# Exercise directions
Every line in the material below that includes "Natural" should be copied.

# Record set
##########

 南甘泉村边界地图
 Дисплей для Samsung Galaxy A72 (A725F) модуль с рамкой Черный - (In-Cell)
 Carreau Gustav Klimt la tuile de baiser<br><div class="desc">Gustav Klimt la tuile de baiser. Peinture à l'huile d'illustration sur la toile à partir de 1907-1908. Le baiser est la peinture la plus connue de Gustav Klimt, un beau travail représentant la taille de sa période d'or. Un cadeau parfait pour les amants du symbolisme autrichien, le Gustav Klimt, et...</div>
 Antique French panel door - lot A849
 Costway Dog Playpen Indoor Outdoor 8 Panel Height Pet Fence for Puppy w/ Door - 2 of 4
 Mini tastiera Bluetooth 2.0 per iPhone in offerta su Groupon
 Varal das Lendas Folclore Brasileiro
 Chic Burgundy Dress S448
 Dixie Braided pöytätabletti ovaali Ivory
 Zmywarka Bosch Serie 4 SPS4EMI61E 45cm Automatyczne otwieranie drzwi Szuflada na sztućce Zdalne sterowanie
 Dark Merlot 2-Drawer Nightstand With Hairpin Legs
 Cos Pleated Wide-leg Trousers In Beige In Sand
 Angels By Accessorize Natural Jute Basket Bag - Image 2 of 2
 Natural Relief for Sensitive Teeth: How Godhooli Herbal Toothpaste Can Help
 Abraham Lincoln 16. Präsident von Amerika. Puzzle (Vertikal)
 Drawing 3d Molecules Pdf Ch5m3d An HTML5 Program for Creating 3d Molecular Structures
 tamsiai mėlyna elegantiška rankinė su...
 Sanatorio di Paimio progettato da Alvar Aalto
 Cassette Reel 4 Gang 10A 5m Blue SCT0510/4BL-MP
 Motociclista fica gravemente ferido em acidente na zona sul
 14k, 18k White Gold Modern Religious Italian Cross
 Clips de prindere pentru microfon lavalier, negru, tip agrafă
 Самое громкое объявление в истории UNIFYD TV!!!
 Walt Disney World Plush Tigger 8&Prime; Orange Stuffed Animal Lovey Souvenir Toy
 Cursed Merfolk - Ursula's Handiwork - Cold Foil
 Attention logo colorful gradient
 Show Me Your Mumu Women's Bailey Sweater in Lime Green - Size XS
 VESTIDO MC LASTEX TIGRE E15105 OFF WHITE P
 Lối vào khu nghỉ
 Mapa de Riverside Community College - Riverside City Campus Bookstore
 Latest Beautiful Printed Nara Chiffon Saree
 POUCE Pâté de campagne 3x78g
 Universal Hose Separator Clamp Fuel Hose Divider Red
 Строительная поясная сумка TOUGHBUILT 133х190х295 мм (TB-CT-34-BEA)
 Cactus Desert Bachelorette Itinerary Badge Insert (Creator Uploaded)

##########

# Worked solution
 Angels By Accessorize Natural Jute Basket Bag - Image 2 of 2
 Natural Relief for Sensitive Teeth: How Godhooli Herbal Toothpaste Can Help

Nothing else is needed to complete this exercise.